До конца шестидесятых годов прошлого века советские люди мебели не покупали. Ну, почти не покупали – исключения составляли чехословацкие книжные полки, польские пластиковые кухни, шкафы «Хельга» производства ГДР и символ роскоши на грани разврата – румынские спальни с наклеенными пенопластовыми завитками, изображающими резьбу по дереву. Все перечисленное появлялось в мебельных магазинах редко и неожиданно, разрушая выстроенную гражданами очередь, которую пытались блюсти хранители очередных списков. Впрочем, все знали, что, помимо всяких очередей и неожиданностей, заветные предметы меблировки ежедневно грузили в фургоны у черных магазинных выходов, и фургоны эти ехали по указанным магазинным начальством адресам. В иерархии влиятельных граждан социалистического общества товароведы мебельных стояли примерно на той же ступени, что мясники Центрального рынка, директора рыбных магазинов «Океан», администраторы модных театров и обладатели чеков, за которые в сети магазинов «Березка» можно было купить джинсы Rifle и джин Gordon…
Но все это было уже в конце шестидесятых, от которых было рукой подать и до конца само́й – страшно сказать! – советской системы. Страсть к потреблению охватила советских людей, никакие газетные обличения «вещизма» и художественные разоблачения мещанского накопительства не работали. Оголтелые мещане с удовольствием заполняли театральные залы на премьерах антимещанских пьес. Югославские мебельные «стенки» и уже арабские, действительно резные спальни стали достойными декорациями драмы «Конец утопии». Вместе с падением цен на нефть и рейгановским проектом Star War потребительство разрушило советский социализм, напоследок назвавшийся «развитым», а следом рухнул и весь социалистический лагерь, оставив на недобрую память лагерные обычаи…
Но это все было потом, а первые два десятилетия после войны мебель в советском жилье если и существовала, то какая-то самозародившаяся.

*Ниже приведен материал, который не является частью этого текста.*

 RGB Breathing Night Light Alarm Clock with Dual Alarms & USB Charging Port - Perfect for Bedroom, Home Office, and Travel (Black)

Жили все в одной комнате – нормальная семья в три-четыре-пять человек, или в двух – но это уж человек семь-восемь. При этом никакого деления на спальни и гостиные, кабинеты и столовые даже в том случае, если семья занимала больше одной комнаты, не бывало – всюду и спали, и ели, и писали статьи «Банкротство империалистической псевдокультуры»…
Посередине комнаты стоял круглый стол на стянутых рамой четырех толстых ножках из грубого квадратного бруса. Стол был раздвижной, два его полукруга перед приходом гостей растягивались на деревянных полозьях, и стол делался овальным, занимая при этом всю комнату, а сидячие места вокруг него образовывались откуда-то извлекаемыми грубыми досками, положенными на кухонные раскоряченные табуретки. Время от времени занозы из досок впивались в натянутые дамскими фигурами трофейные шелка…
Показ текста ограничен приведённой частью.